Updated on: 12 October,2020 07:02 PM IST  |  Mumbai
Mayank Shekhar | mayank.shekhar@mid-day.com

For a wider theme, Scam 1992 seems pitched as more of an insider-outsider story, set in the gated markets, once controlled by the old elite.

Scam 1992- The Harshad Mehta Story Review: OG bad-boy billionaire!

Still from the trailer of Scam 1992- The Harshad Mehta Story, Picture Courtesy: YouTube

Scam 1992- The Harshad Mehta Story
On: SonyLIV
Director: Hansal Mehta
Cast: Pratik Gandhi, Shreya Dhanwanthary
Rating:Rating


Hansal Mehta has directed this series, on Harshad Mehta. Unsure if they're related; pretty sure, Hansal must've been confused with Harshad as a slip of tongue for their similar names forever. Also helps (if I'm not mistaken), both Hansal and Harshad are Bombayites of Gujarati descent, which allows the former a certain nuance/peek into the latter's life for a biopic series, that could be lost on a casual researcher; quite possible.

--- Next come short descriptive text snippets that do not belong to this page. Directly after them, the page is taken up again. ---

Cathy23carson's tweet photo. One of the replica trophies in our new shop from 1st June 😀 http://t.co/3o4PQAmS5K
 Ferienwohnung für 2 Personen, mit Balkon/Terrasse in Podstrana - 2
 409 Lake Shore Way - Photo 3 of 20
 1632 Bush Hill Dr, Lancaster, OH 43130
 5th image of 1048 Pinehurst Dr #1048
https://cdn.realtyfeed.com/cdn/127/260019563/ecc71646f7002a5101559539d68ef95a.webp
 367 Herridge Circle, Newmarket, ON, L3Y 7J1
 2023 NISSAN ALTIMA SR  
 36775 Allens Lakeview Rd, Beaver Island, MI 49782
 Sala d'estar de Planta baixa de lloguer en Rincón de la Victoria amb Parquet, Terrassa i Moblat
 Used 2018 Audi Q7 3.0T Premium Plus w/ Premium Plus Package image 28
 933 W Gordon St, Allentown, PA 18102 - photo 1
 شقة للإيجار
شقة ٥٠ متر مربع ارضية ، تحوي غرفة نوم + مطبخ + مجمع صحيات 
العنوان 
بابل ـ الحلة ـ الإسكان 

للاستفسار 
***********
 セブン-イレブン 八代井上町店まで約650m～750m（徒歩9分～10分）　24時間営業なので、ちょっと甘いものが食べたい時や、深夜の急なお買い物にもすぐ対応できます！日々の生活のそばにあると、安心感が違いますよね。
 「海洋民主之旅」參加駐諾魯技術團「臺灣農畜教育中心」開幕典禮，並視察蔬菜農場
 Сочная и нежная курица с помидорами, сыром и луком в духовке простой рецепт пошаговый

Watch the trailer right here:


Which isn't to suggest that enough isn't already known about Harshad Mehta—perhaps the only stock-market broker that regular Indians had ever heard of since he came on the scene. And still the best-known Big Bull, even when he's no more. I was of course a kid, unversed in economics when the securities' scam centred on Harshad broke in 1992.

And yet there are two images that sort of define Harshad for me, like for many others still. One was him posing against his swanky Lexus sedan for an India Today magazine cover-story. This series charts his rise to that point.

The other is the infamous press conference clip (brought to Indian homes by the video-magazine Newstrack, if I recall right), where Harshad and his lawyer Ram Jethmalani pulled out a large suitcase to prove that you could indeed stuff Rs 1 crore into it. That is what Harshad had allegedly paid as protection money to the then Indian Prime Minister.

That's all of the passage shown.